Physical characteristics
- • location: Southwest of Minsk, Belarus
- • coordinates: 53°15′10″N 27°18′21″E﻿ / ﻿53.25278°N 27.30583°E
- • elevation: 176 m (577 ft)
- Mouth: Curonian Lagoon
- • location: West of Šilutė, Lithuania
- • coordinates: 55°20′12″N 21°14′50″E﻿ / ﻿55.33667°N 21.24722°E
- • elevation: 0 m (0 ft)
- Length: 937 km (582 mi)
- Basin size: 98,200 km^{2} (37,900 sq mi)
- • location: Curonian Lagoon, linked to the Baltic Sea
- • average: 678 m^{3}/s (23,900 cu ft/s)

= Neman =

River in Northeast Europe

The Neman (based on Russian spelling), Nioman (Belarusian), Nemunas (Lithuanian), Niemen (Polish), or Memel (German), is a river in Europe that rises in central Belarus and flows through Lithuania then forms the northern border of Kaliningrad Oblast, Russia's western exclave, which specifically follows its southern channel. It drains into the Curonian Lagoon, narrowly connected to the Baltic Sea. The 937 km long Neman is a major Eastern European river. It flows generally west to Grodno within 12 km of the Polish border, north to Kaunas, then westward again to the sea.

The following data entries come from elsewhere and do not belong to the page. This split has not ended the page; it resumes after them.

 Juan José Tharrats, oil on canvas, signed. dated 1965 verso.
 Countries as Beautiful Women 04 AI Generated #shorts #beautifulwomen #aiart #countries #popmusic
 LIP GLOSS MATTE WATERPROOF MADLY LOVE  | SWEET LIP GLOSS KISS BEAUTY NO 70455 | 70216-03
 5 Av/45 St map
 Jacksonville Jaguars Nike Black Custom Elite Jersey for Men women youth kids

The largest river in Lithuania, and the third-largest in Belarus, it is navigable for most of its length. It starts from two small headwaters merging about 15 km southwest of the town of Uzda - about 55 km southwest of Belarus's capital city Minsk. Only 17 km, an eastward meander, contributes to the Belarus–Lithuania border. Thereafter the river includes notable loops along a minor tectonic fault.

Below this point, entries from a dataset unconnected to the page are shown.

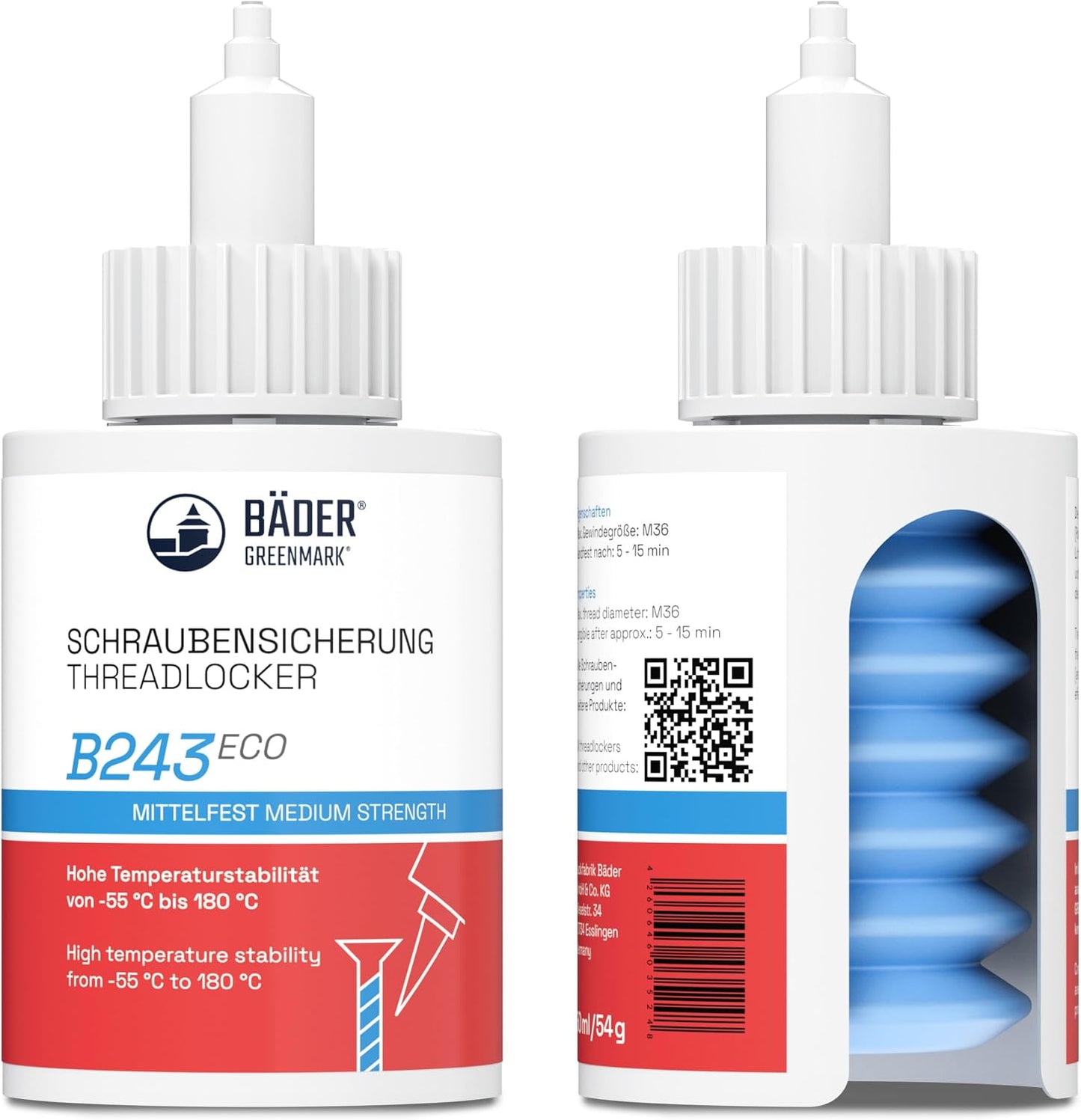 Adhesivo para tornillos Mittelfest 1.7oz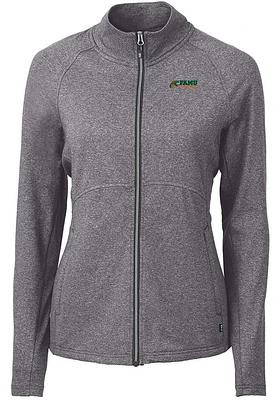 Cutter and Buck Florida A&M Rattlers Womens Adapt Eco Knit Light Weight Jacket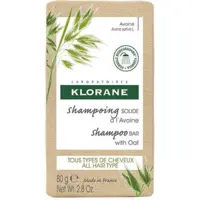 Shampooing Solide Extra-Doux Avoine Klorane 80g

Its drainage basin settled in the late Quaternary to be roughly along the edge of the last glacial sheet so dates to about 25,000 to 22,000 years BC. Its depth varies from 1 m in its upper courses to 5 m in the lower basin.

==Numbers==

- The total length of the Nioman/Nemunas/Neman is 937 km. It is the fourth longest river in the Baltic Sea basin. Over its entire length, 436 km flows in Belarus and 359 km in Lithuania. A 116 km stretch is the border between Lithuania and Russia's Kaliningrad oblast.
- Its greatest depth is 5 m, and at its widest it extends about 500 m.
- The Nioman/Nemunas/Neman is a slow river; it flows at about 1 to 2 m/s.
- During floods, water discharge can increase up to 11-fold, to more than 6800 m³/s. Severe floods occur on the lower reaches of the river about every 12 – 15 years, which sometimes wash out bridges.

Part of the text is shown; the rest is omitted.